I have a SAMBA server on my home LAN running fine. My main computer is a MacBook Pro laptop; its 320GB hard drive used to be enough for me, but now I'm filling it up, I've considering expanding it.
An alternative would be to expand my server with some more hard drives and use soft-RAID1 (I have 4 drives in two sets of mirrors at the moment) for data protection, then use either SAMBA or iSCSI to map them on my Mac, keeping data I don't need perpetual access to on this volume. Since I could have RAID protection of the volume, this is quite tempting.

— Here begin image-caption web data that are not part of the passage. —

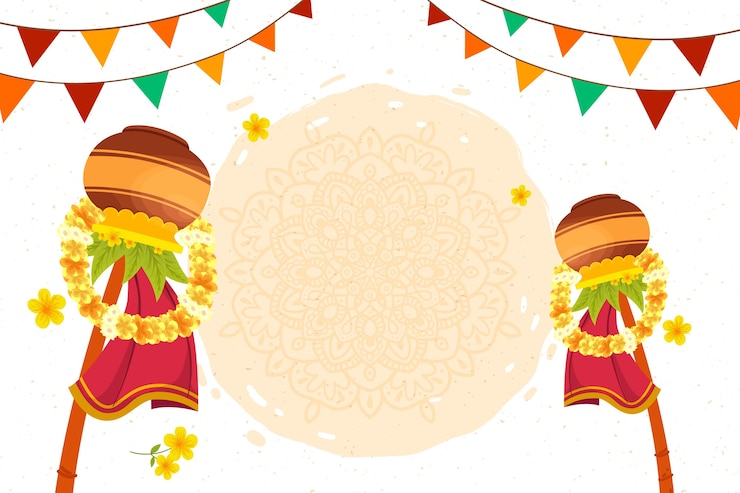 मुफ़्त वेक्टर flat gudi padwa background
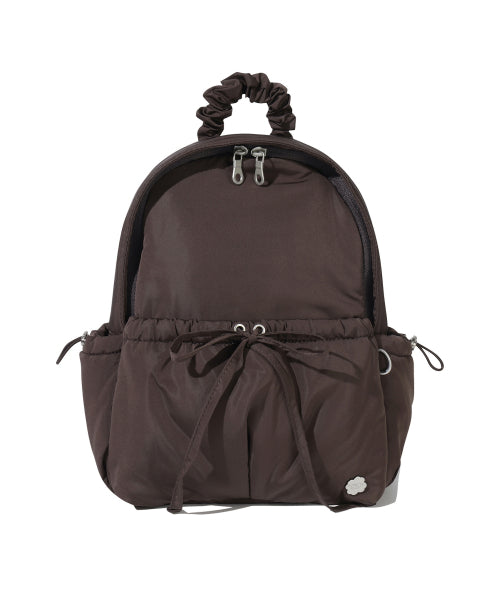 WOMAN SHIRRING MINI BACKPACK #SANA同款！ - 3 COLORS BROWN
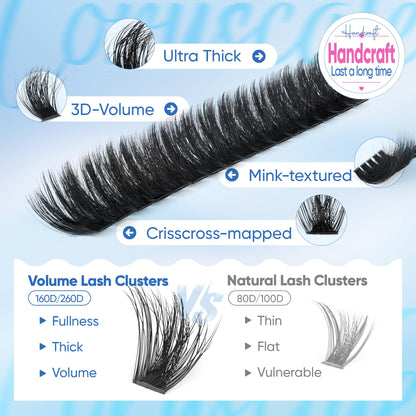 CORUSCATE Lash Clusters 160D+260D Eyelash Clusters 12-24mm Long Lash Extension Thick Cluster Eyelash Extensions Volume Strip Mink Lashes Cluster Dramatic Full Salon Look Mega Eyelashes CORUSCATE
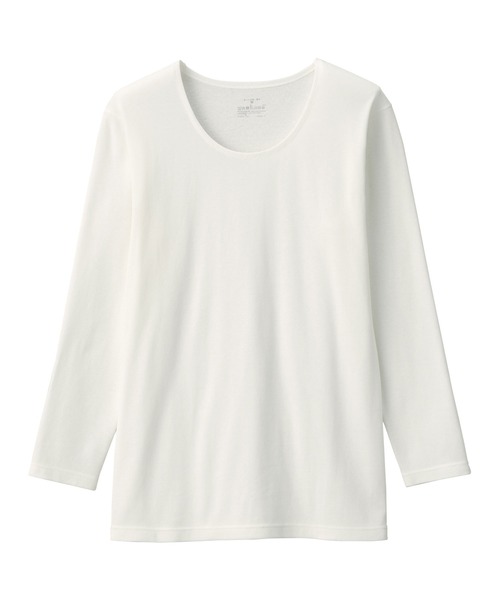 無印良品(ムジルシリョウヒン)の「婦人 あったか綿 厚手 Uネック八分袖Tシャツ(インナーウェア/肌着・レディース・ライトピンク/ブラック/グレー系/オフホワイト・XL/L/M/S)」の9枚目の写真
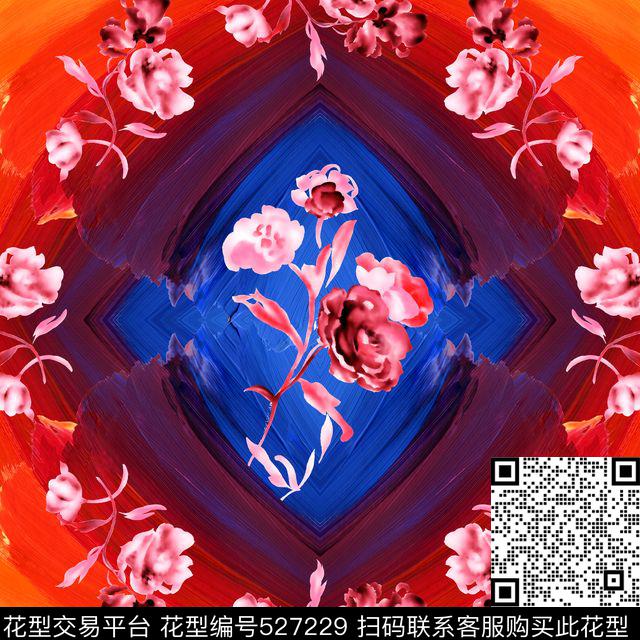 中国风水彩花卉数码印花华亿平台下载（图片编号: 527229） - 瓦栏（Walan）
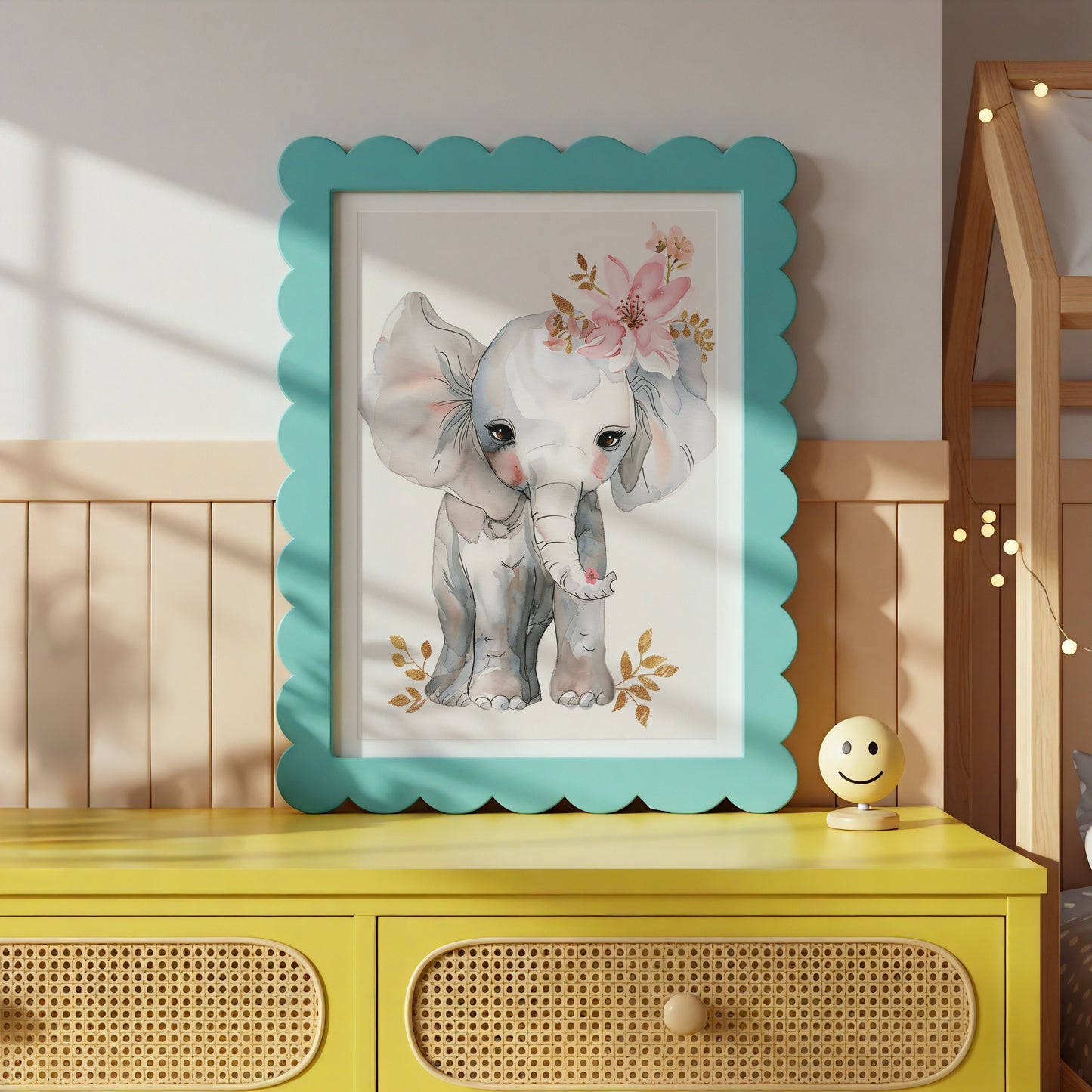 Adorable Elephant Nursery Wall Art Print product type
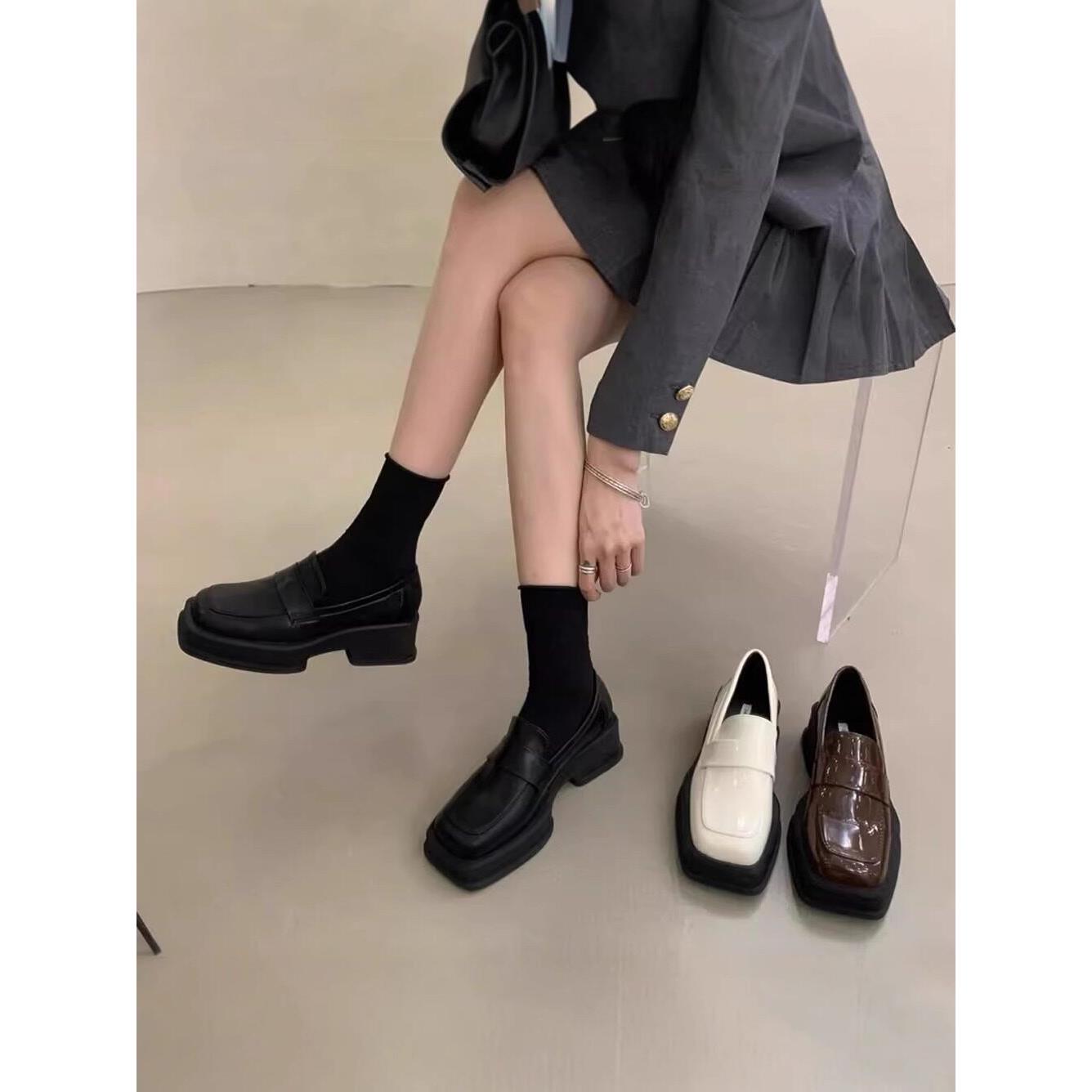 冰岛加热器~Itsk Loafers女士厚底小黑方头英式小皮鞋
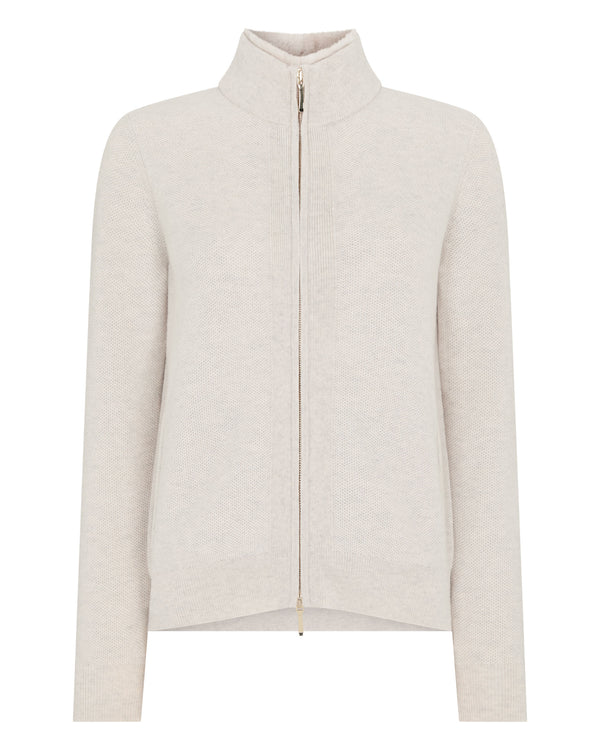 Women's Honeycomb Full Zip Cashmere Jumper With Fur Trim 2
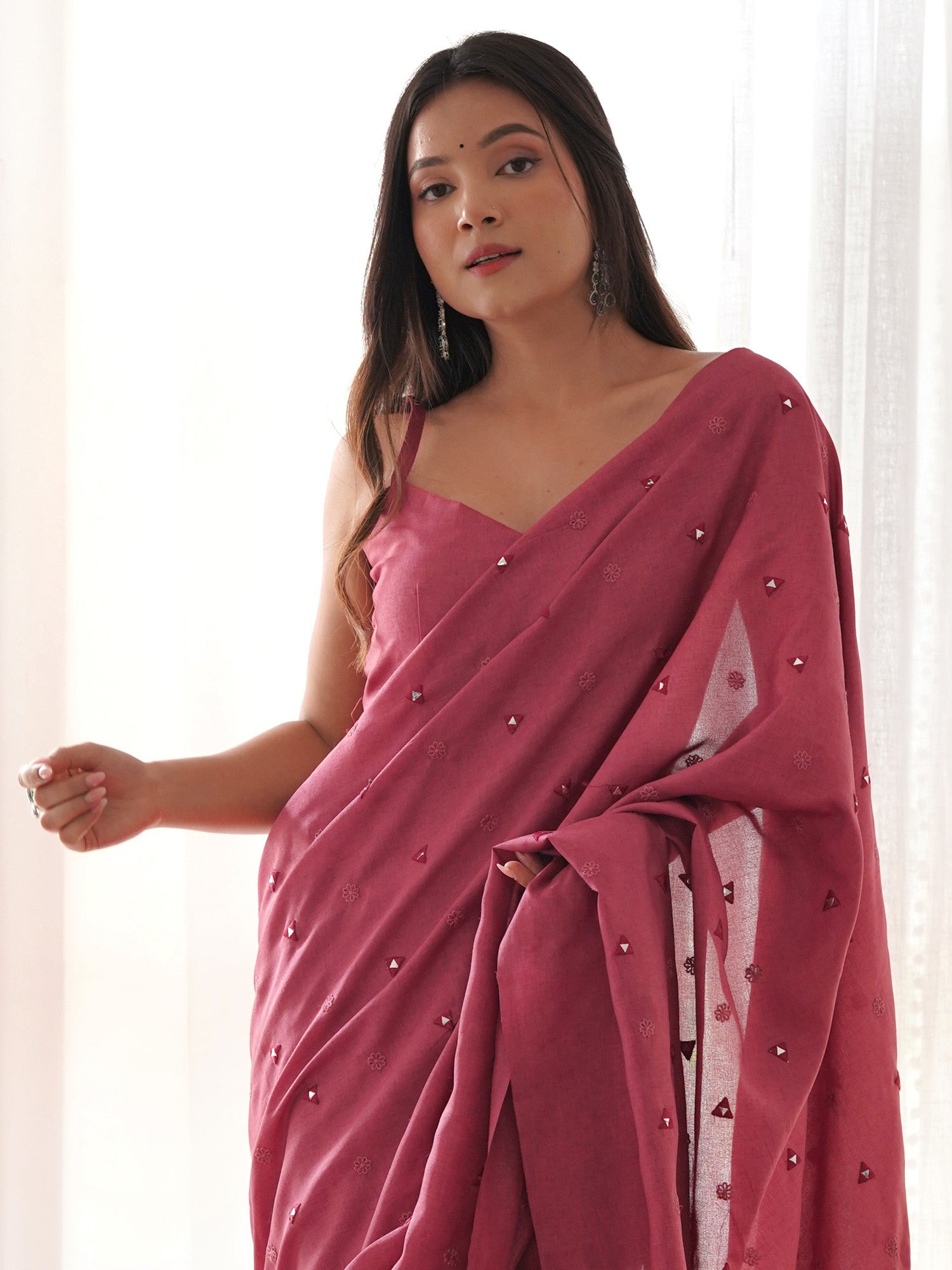 Women's Manipuri Silk Pink Embellished Designer Saree with Blouse Piece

SAMBA on my server manages about 22MB/sec read and write over Gb ethernet, but I'm noticing some lag with the volumes, and I'm worried I would overload the server by using it as a working disk (the server is not very powerful, being Celeron-based, built more for low power usage than processing power).
We've experimented with iSCSI at work, and I've noticed some good data rates. As the disk is a block device, it doesn't have the SAMBA level in between, so I assume it would have higher performance. I found a freeware iSCSI iniator for my Mac, and am now debating which route to go down.
I'm familiar with SAMBA and use it heavily. I've set up a tgt-based server at work which worked amazingly well first-time with Windows, and got decent transfer speeds, but we were using a potent PowerEdge machine.
I guess it boils down to, which route would be the least processor-intense for the server whilst getting good data rates. I'd be the only user of the volume, but SAMBA will be running on the server anyway. Any ideas?